----- Records for this task -----

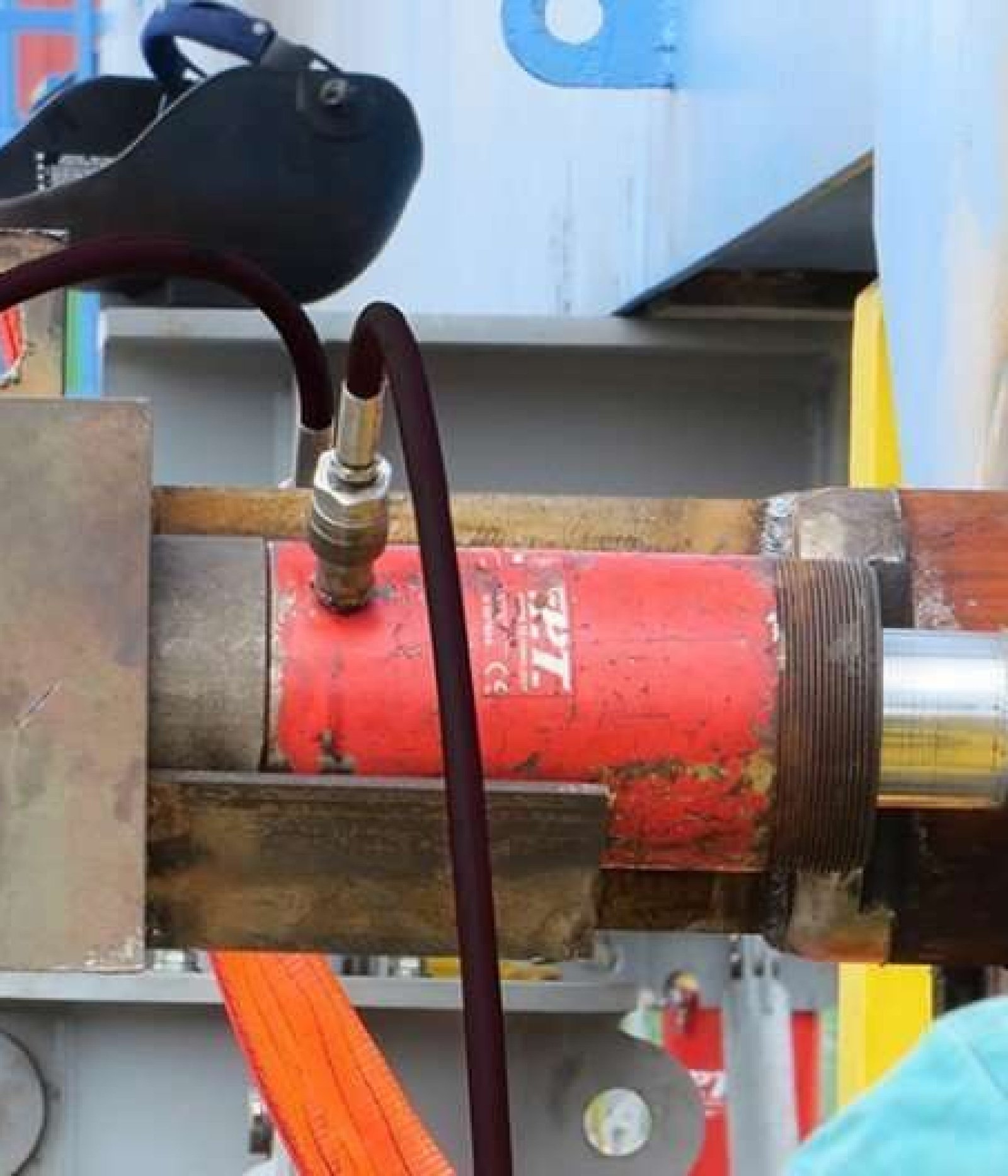 Hydraulic-cylinders-with-spring-return-2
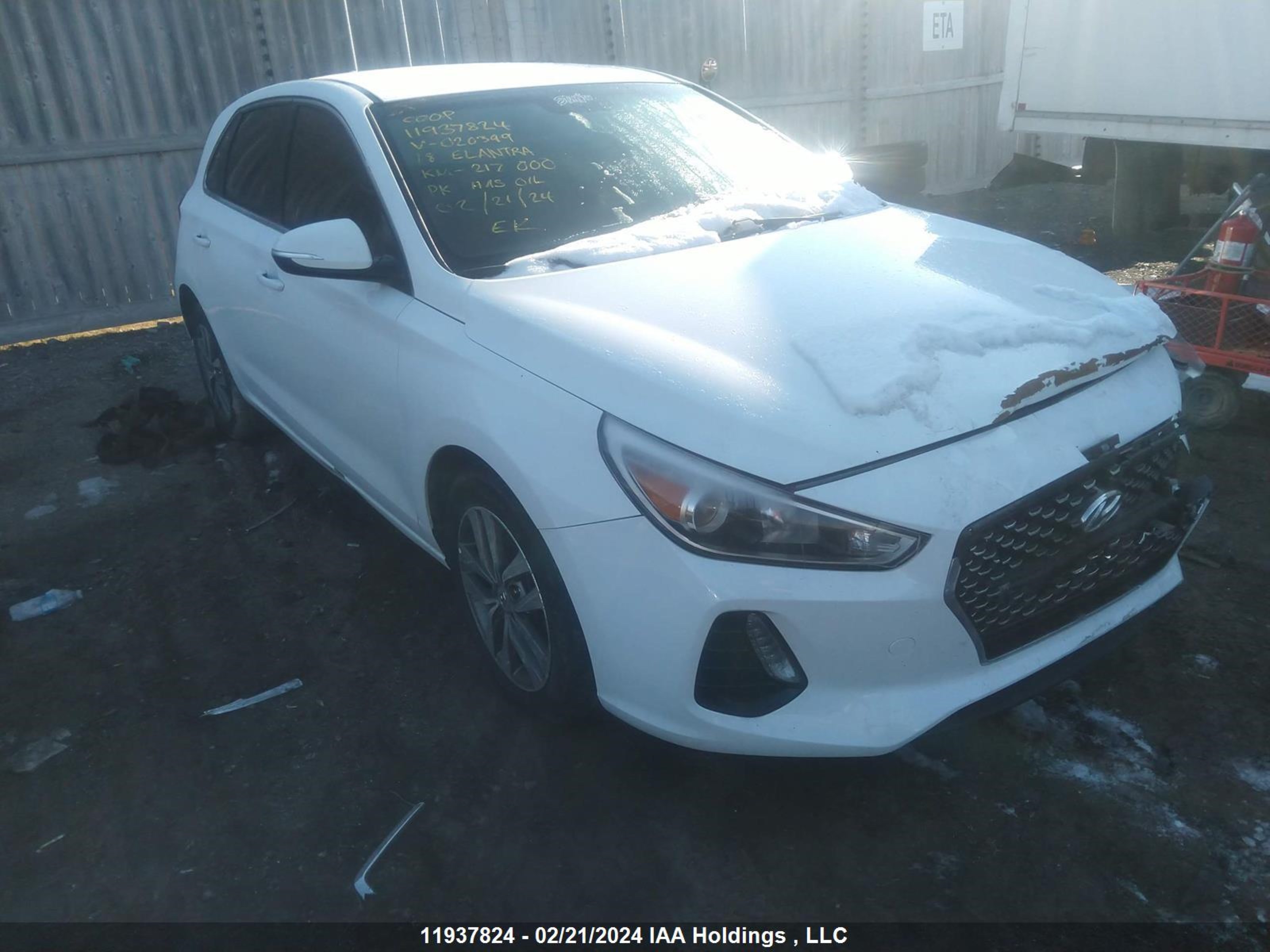 HYUNDAI ELANTRA 2018 kmhh35le6ju020399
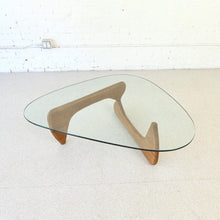 Load image into Gallery viewer, Amoeba Sculptural Coffee Table
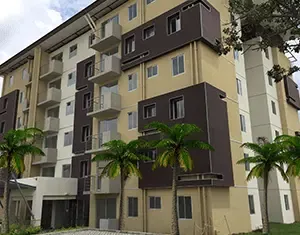 Moderno complejo de apartamentos residenciales con balcones y áreas verdes, construido por nuestra desarrolladora inmobiliaria.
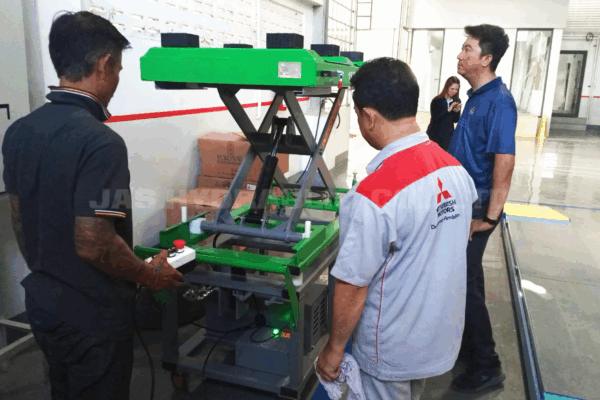 6.รีวิว-ลิฟท์ยกแบตเตอรี่รถยนต์ไฟฟ้า
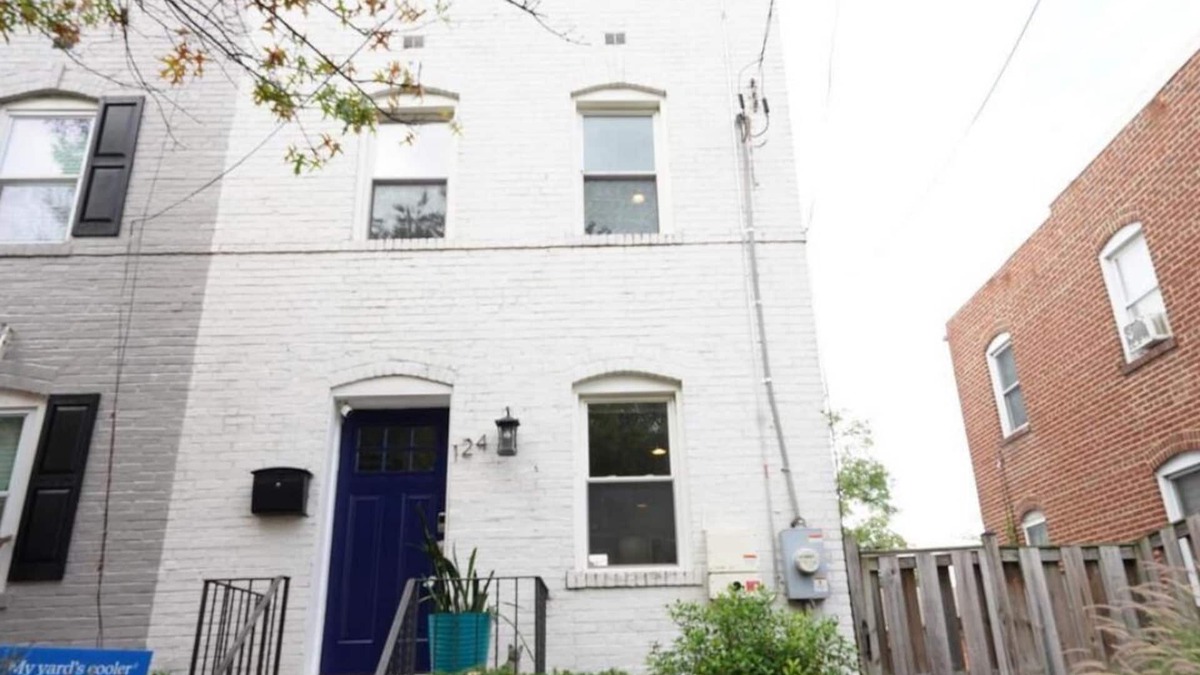 Fort Dupont House | DC Townhome with yard 1 block from blue line metro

-----

• [Problem description] In your reply, please set down exactly the lines from the one containing "Load image into" through the end of the records, with the pictures left out.

• [Response]
 Load image into Gallery viewer, Amoeba Sculptural Coffee Table
 Moderno complejo de apartamentos residenciales con balcones y áreas verdes, construido por nuestra desarrolladora inmobiliaria.
 6.รีวิว-ลิฟท์ยกแบตเตอรี่รถยนต์ไฟฟ้า
 Fort Dupont House | DC Townhome with yard 1 block from blue line metro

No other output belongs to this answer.